* _Exercise directions_
In the entries below, begin at the line that has "ALDI Tesoros del", stop after the line that has "Printed - Emerald", and output those lines exactly with no pictures.

* _Information given_
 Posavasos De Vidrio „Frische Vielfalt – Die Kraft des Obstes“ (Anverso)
* * *
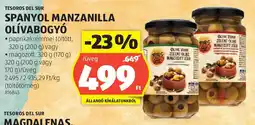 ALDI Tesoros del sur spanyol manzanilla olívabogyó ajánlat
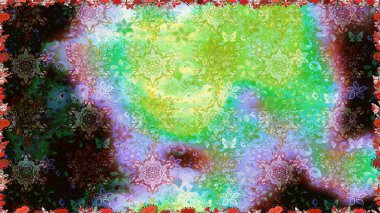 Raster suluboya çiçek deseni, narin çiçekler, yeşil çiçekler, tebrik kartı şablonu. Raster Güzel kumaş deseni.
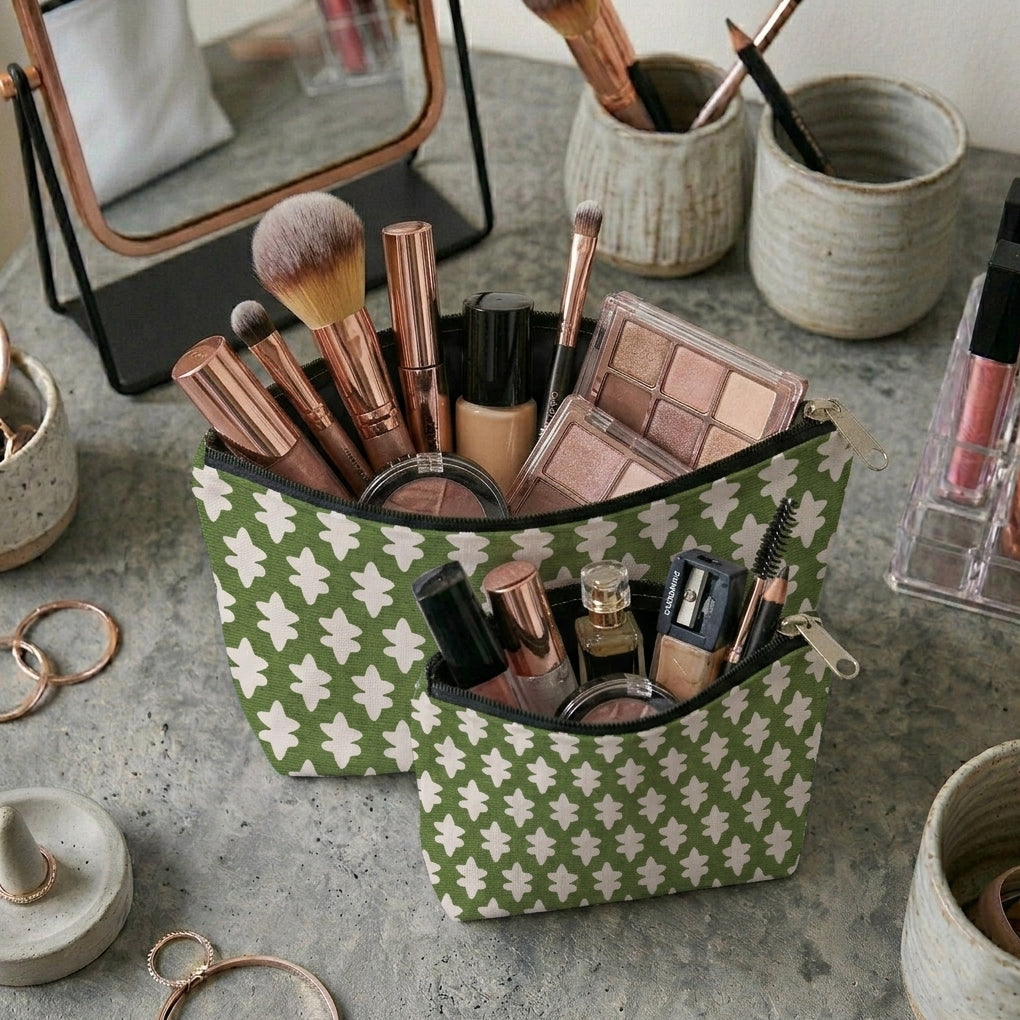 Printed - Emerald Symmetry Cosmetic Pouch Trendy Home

* _Written response_
 ALDI Tesoros del sur spanyol manzanilla olívabogyó ajánlat
 Raster suluboya çiçek deseni, narin çiçekler, yeşil çiçekler, tebrik kartı şablonu. Raster Güzel kumaş deseni.
 Printed - Emerald Symmetry Cosmetic Pouch Trendy Home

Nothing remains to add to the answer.